Initially a member of iVillage’s board of directors, McCormick was later named president and, ultimately, chairman and CEO after leaving Lifetime. iVillage, he engineered the successful merger of two public companies — iVillage and Women.com Networks — creating the leading online media company for women. Following that transaction in June 2004, McCormick led a successful secondary share offering, raising more than $75 million. Under his management, iVillage assets grew with the launch of iVillage Health Network, Baby Steps Magazine, and a deal with British retail giant Tesco to launch iVillage in the U.K., as well as a profitable subscription-based Newborn Channel for hospitals. McCormick completed seven subsequent acquisitions, building iVillage into a profitable, leading Internet property. He managed the successful sale of iVillage to NBC Universal in 2006 for $611 million.

== Other business activities ==

McCormick was chairman of the board to Everyday Health, currently the largest venture-backed digital media company in New York, and LIN Media, a multimedia company comprising 43 television stations, 7 digital channels and other media properties, as well as vice chairman of the executive committee at Reelz Channel. He was a board member of and investor in Ovation TV, StyleCaster and Precision Demand and former board member of CBS Marketwatch (MKTW), Pump Audio and Wayport, Inc. McCormick was also president of The Cancer Prevention and Treatment Fund, associated with NewYork–Presbyterian Hospital and a trustee of the American Management Association.
Previously, McCormick served as chairman of the International Radio and Television Society (IRTS) and the Cabletelevision Advertising Bureau (CAB), a board member to the Online Publishers Association, the Walter Kaitz Foundation and Cable in the Classroom, as well as an advisory board member to the initial Ms. Foundation for Women Take our Daughters to Work Day.

== Music ==

During the early 1970s, McCormick pursued his musical career after work, performing in New York nightclubs such as J.P.’s, Trax and Reno Sweeny. He took a break from corporate life after being discovered at Reno’s by Charles Koppelman, president of The Entertainment Company, who signed McCormick to a songwriting contract. McCormick collaborated with Paul Anka on “Brought Up in New York” from Anka’s Listen To Your Heart album on the RCA Records label. Other artists’ recordings of McCormick songs include Dusty Springfield, “Get Yourself To Love”, Gladys Knight and Brazil’s Roberto Carlos.
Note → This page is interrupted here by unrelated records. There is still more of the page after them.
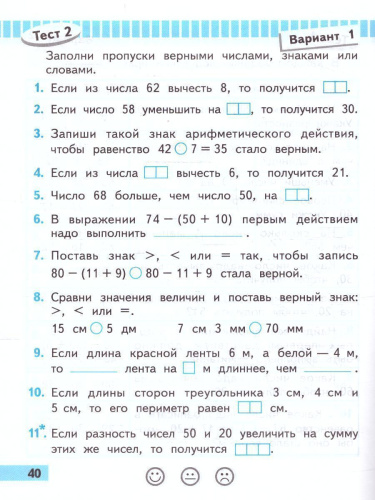 Проверочные работы по математике 2 класс (ФП2022)
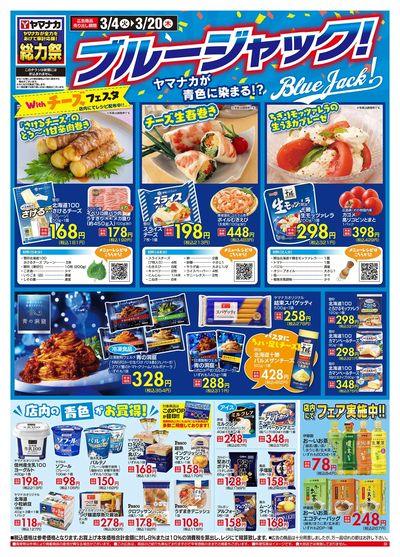 3/4-20 ブルージャック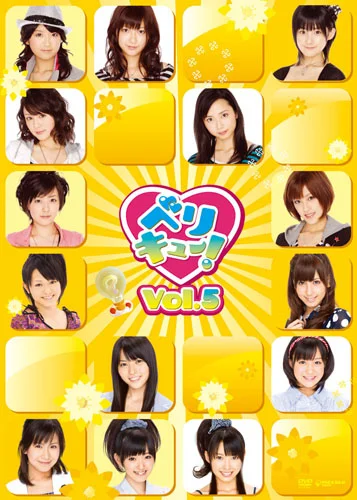 ベリキュー！Vol.5 - ハロー！プロジェクト公式サイト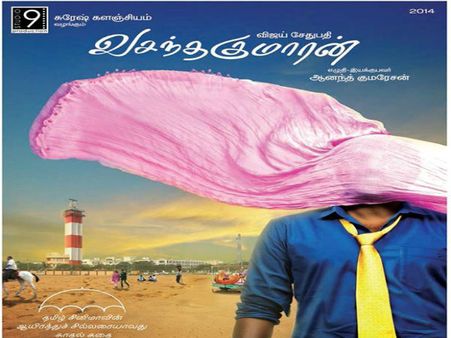 బాలా నెక్ట్స్ చిత్రం టైటిల్,హీరో,పోస్టర్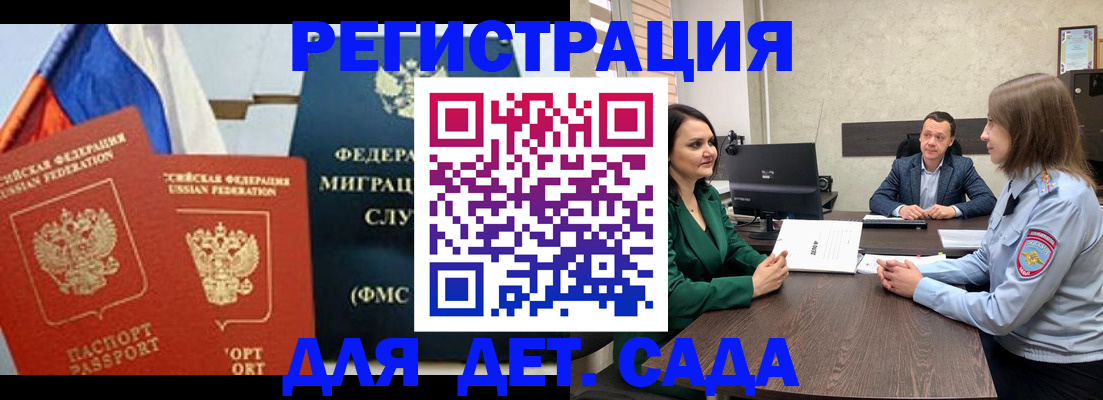 прописка для работы в Стерлитамаке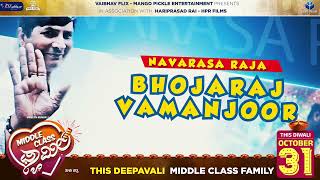 MAKING OF MIDDLE CLASS FAMILY Tulu Movie - VINEETH KUMAR | RAHUL AMIN | SAMATA AMIN | ARAVIND BOLAR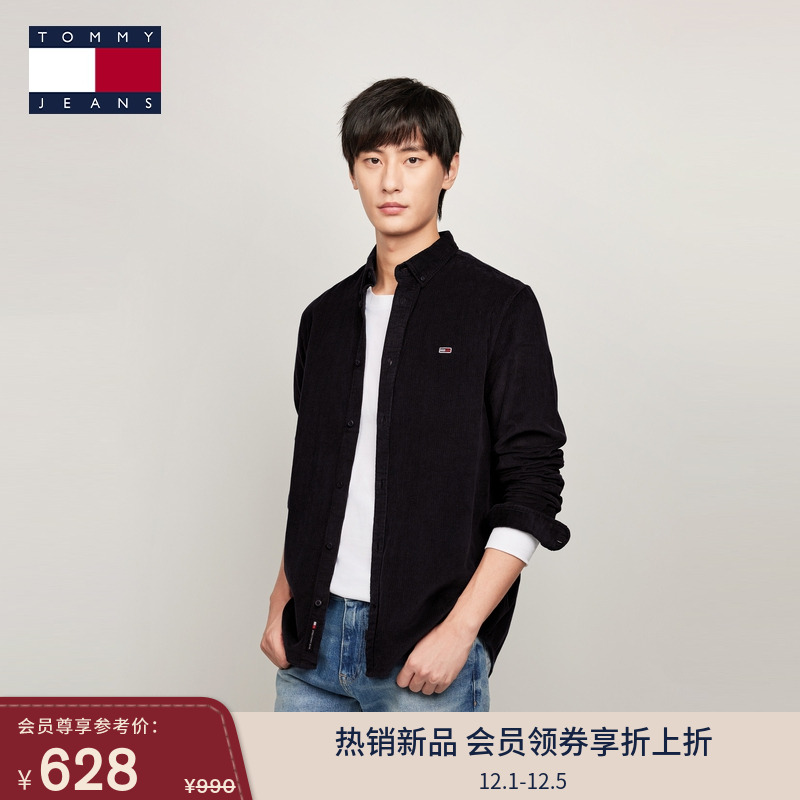 Tommy男灯芯绒纯棉复古衬衫外套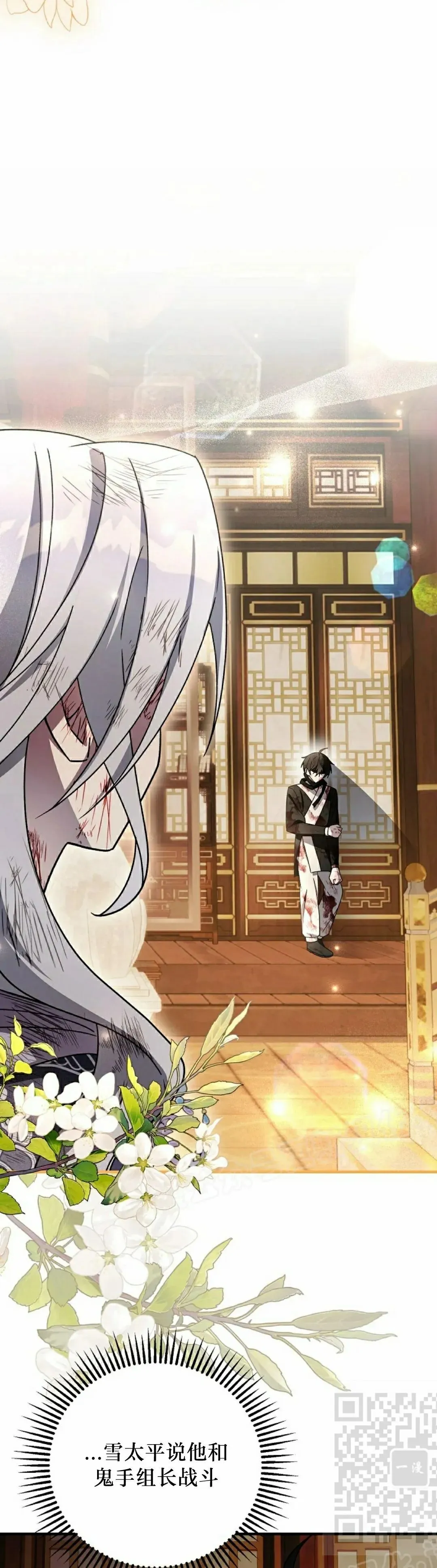 存 第48集 第19页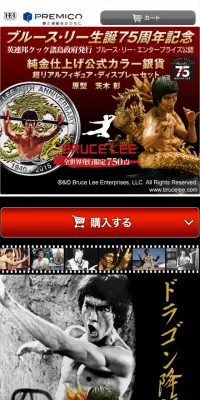 ブルースリー生誕75周年記念　純金仕上げ公式カラー銀貨　超リアルディスプレーセットのLPデザイン（玩具・ホビー・フィギュア／ゴールド系／かっこいい系）スマホ版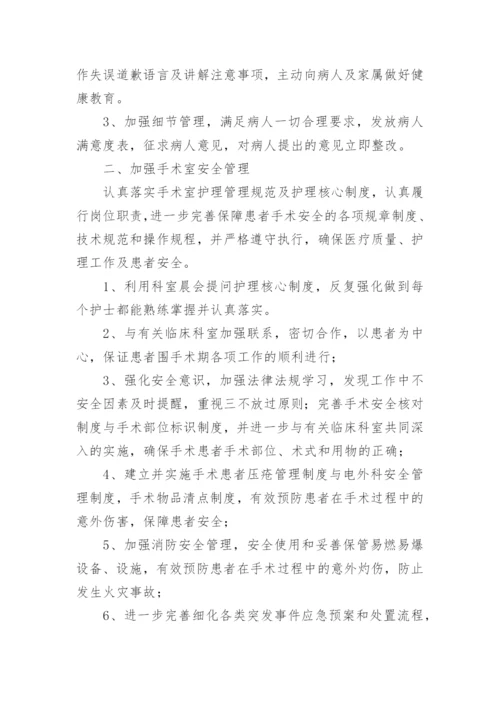 2022年手术室护理工作计划.docx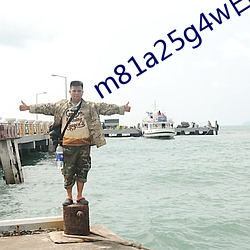 m81a25g4w日本进口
== Awards and achievements ==

McCormick garnered numerous business and humanitarian awards. In 2014, he was awarded the Ellis Island Medal of Honor by the National Ethnic Coalition of Organizations. In 2002, he was presented with the Cancer Research and Treatment Fund Humanitarian Award. He was named to Crain’s NY Tech 100 in 2001. In 1998, he was honored by the Child Care Action Campaign while Lifetime received the 1998 Caring Corporation Award that same year. In 1997, the National Women's Political Caucus awarded McCormick the Good Guy Award, and he received the New York Women's Agenda Honorable MEN-tion Award, as well as in conjunction with Lifetime, he received the Corporate Leadership Award from the National Breast Cancer Coalition. Also in 1997, the Fight Against Breast Cancer campaign which McCormick established at Lifetime garnered a CableAce Award (the cable industry’s highest honor), along with five other Ace Awards for programming. Girls Inc. recognized him in 1996 and he received the president’s award from the Cable Television Public Affairs Association (CTPAA) in 1995.